Je suis d’accord avec la première partie de la phrase, beaucoup moins avec la suite. Mme le Recteur précise qu’une dynamique de classe n’est possible qu’avec un minimum de 18 élèves. Je suis d’accord. Je ne fais pas partie des hurluberlus qui réclament 15 élèves par classe. Soyons honnête : l’Education nationale a un coût important pour la nation. Une nation dont les comptes ne sont pas au mieux. J’entends bien que tout n’est pas possible (contrairement au slogan électoral d’un certain… Nicolas Sarkozy). Des classes à 18-20 élèves minimum en ZEP, cela ne me choque pas. L’effectif n’est jamais le seul paramètre : il y a l’ambiance dans l’établissement, la solidarité (parfois inexistante) entre les professeurs, la fermeté de l’administration. L’effectif n’est pas l’alpha et l’oméga. Pour autant, il ne faut pas minimiser son impact. 30 élèves dans une classe en primaire ou en collège, cela signifie clairement que les élèves en difficulté seront laissés de côté, en contradiction avec les instructions qui nous sont donnés par ailleurs. Et je ne parle même pas des cours de langues, où il est demandé de privilégier l’oral. Avec 3 heures de cours hebdomadaires et 30 élèves, bonne chance… On pourrait évoquer également la raréfaction des dédoublements en Physique-Chimie et SVT, prélude possible à une disparition des Travaux Pratiques qui font tout l’intérêt de ces matières. 24-25 élèves maximum par classe en primaire et au collège, cela permet de travailler dans des conditions correctes. Malheureusement, ce qui devrait être la règle devient trop souvent l’exception.

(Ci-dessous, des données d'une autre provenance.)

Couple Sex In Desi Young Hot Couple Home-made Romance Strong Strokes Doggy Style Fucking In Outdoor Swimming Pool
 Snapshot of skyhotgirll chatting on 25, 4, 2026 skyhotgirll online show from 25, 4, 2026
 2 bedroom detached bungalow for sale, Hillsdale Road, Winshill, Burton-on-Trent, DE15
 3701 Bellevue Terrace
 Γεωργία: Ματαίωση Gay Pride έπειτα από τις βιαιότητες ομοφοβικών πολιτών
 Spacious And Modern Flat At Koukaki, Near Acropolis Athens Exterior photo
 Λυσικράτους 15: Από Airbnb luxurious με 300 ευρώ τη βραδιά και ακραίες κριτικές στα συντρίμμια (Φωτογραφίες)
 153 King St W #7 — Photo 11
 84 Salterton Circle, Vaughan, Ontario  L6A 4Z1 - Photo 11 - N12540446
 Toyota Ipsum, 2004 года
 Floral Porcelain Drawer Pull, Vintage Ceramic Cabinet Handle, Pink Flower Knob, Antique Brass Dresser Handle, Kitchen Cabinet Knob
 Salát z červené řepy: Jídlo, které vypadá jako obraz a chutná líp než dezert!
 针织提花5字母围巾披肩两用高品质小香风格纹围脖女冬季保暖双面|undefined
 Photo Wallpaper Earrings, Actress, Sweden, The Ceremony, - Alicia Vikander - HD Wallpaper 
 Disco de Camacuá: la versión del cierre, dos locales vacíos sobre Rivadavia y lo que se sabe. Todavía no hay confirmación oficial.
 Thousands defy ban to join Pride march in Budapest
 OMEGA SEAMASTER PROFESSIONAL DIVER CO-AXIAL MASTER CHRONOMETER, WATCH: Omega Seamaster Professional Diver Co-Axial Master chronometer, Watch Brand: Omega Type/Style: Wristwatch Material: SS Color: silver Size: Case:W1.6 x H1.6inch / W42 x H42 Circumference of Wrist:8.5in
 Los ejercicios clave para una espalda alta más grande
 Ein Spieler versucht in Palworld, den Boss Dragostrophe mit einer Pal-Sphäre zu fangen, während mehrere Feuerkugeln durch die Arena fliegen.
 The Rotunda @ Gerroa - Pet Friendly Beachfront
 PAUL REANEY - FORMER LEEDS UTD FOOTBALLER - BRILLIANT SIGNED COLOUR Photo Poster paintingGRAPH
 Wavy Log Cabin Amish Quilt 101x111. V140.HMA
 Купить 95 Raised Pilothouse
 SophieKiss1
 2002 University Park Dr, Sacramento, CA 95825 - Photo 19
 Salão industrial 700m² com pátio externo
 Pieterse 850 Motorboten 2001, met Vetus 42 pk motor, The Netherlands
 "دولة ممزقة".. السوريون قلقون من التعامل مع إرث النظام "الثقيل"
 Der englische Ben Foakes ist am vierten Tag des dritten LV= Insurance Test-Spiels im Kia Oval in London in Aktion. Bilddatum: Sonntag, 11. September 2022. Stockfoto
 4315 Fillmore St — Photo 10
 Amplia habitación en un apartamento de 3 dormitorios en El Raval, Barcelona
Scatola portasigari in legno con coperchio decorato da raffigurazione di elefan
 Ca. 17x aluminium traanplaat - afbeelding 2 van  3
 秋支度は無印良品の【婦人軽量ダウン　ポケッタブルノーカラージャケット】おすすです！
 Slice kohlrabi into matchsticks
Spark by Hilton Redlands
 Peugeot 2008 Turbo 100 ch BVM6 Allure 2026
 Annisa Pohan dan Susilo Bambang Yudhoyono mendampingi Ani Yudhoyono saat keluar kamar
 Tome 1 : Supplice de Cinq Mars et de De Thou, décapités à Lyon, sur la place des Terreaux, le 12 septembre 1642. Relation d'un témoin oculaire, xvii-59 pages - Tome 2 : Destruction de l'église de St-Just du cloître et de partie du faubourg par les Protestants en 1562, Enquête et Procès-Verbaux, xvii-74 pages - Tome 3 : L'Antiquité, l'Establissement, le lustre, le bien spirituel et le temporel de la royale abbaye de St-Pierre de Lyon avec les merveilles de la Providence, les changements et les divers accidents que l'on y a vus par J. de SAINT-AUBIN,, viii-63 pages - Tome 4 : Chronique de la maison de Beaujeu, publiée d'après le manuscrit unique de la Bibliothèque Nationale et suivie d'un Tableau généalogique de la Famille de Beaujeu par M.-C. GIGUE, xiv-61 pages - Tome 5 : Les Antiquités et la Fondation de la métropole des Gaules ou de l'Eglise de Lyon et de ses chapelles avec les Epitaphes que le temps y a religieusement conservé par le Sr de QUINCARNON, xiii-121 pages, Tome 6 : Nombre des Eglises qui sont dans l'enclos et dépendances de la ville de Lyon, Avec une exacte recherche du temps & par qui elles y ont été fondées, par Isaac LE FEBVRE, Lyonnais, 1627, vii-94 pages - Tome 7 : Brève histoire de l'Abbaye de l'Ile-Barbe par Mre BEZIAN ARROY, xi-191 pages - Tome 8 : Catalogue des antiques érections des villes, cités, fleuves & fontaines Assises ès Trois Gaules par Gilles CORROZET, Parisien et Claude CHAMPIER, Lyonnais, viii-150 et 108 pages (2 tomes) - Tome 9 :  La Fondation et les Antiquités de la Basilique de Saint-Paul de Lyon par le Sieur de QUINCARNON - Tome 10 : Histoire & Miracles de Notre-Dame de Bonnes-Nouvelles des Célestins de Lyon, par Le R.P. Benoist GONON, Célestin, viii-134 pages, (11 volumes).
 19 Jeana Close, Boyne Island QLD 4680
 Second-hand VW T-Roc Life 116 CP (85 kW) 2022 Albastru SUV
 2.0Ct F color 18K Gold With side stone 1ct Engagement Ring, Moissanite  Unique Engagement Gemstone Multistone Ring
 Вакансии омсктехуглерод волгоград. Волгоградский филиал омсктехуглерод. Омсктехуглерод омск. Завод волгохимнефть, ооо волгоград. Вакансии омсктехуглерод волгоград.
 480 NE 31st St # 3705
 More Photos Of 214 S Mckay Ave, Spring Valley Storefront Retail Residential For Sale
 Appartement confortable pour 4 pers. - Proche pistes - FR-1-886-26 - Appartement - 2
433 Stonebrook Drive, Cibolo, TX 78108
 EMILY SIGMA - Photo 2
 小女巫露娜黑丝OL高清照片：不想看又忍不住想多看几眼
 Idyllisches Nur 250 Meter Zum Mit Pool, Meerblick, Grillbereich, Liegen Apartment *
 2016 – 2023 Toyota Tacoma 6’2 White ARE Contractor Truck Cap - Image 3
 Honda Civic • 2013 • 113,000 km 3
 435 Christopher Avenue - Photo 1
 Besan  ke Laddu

« Ici, je trouve que, globalement, l'Éducation nationale est trop maternante et pas assez paternelle pour donner quelques coups de pied au derrière ! On doit pousser les jeunes pour qu'ils aillent plus loin, plus haut. »
Accusation infondée. Mme le Recteur nous reproche particulièrement de « surprotéger » les élèves du rural isolé, de les dissuader de s’engager dans des filières que nous considérerions comme inaccessibles pour eux. D’abord c’est faux. J’ai travaillé dans des établissements du rural isolé. Je puis témoigner qu’en conseil de classe, j’ai vu les enseignants batailler pour que des élèves de bon niveau suivent des filières générales, au lieu de choisir un cursus professionnel. Ce sont bien souvent les élèves eux-mêmes et leurs parents qui manquent d’ambition. D’autre part, les filières professionnelles sont-elles déshonorantes ? Non. Mieux vaut un apprentissage en plomberie et un métier à la clé qu’un master d’économie et le chômage au bout des études. N’en déplaise à certains, la France n’a pas seulement besoin d’ingénieurs, de médecins, de cadres commerciaux. Notre pays a aussi besoin de plombiers, boulangers, bouchers, menuisiers, électriciens… Aujourd’hui, la formation peut se compléter au cours de la vie. Je connais des gens qui ont entamé leur apprentissage après le collège et qui sont à la tête de leur entreprise à vingt-cinq ans à peine. Est-il nécessaire de faire une licence de sociologie pour finir vendeur de hamburgers chez McDonald ? Enfin, là encore, il faut le répéter : tout n’est pas possible. Il est de notre devoir de dire à des élèves qu’ils n’ont pas le niveau pour certaines filières. Il faut dire ici quels ravages provoque la démagogie consistant à faire croire que tout le monde peut réussir en filière générale, sans travail. Ce n’est pas vrai. Nous ne sommes pas tous programmés pour être des bac + 4. Et ce n’est pas grave, ou plutôt ce ne le serait pas s’il n’y avait un certain mépris pour les filières technologiques et professionnelles (dont on attend toujours la revalorisation). Des élèves de 3ème dont le niveau est faible et qui passent en Seconde, nous en voyons défiler. La suite est souvent peu réjouissante : dans des classes de 30-35, largués, incapables de combler leurs lacunes lorsqu’elles sont trop importantes, le lycée devient vite un calvaire pour ces jeunes. J’ai vu le résultat des « hautes ambitions » de certains parents : un désastre. L’idée selon laquelle il suffirait de « quelques coups de pied au derrière » pour produire des centraliens et des énarques est tout simplement fausse. Fausse, ridicule et dangereuse. Là encore, laisser de côté la langue de bois n’implique pas de donner dans le propos de comptoir de bistrot.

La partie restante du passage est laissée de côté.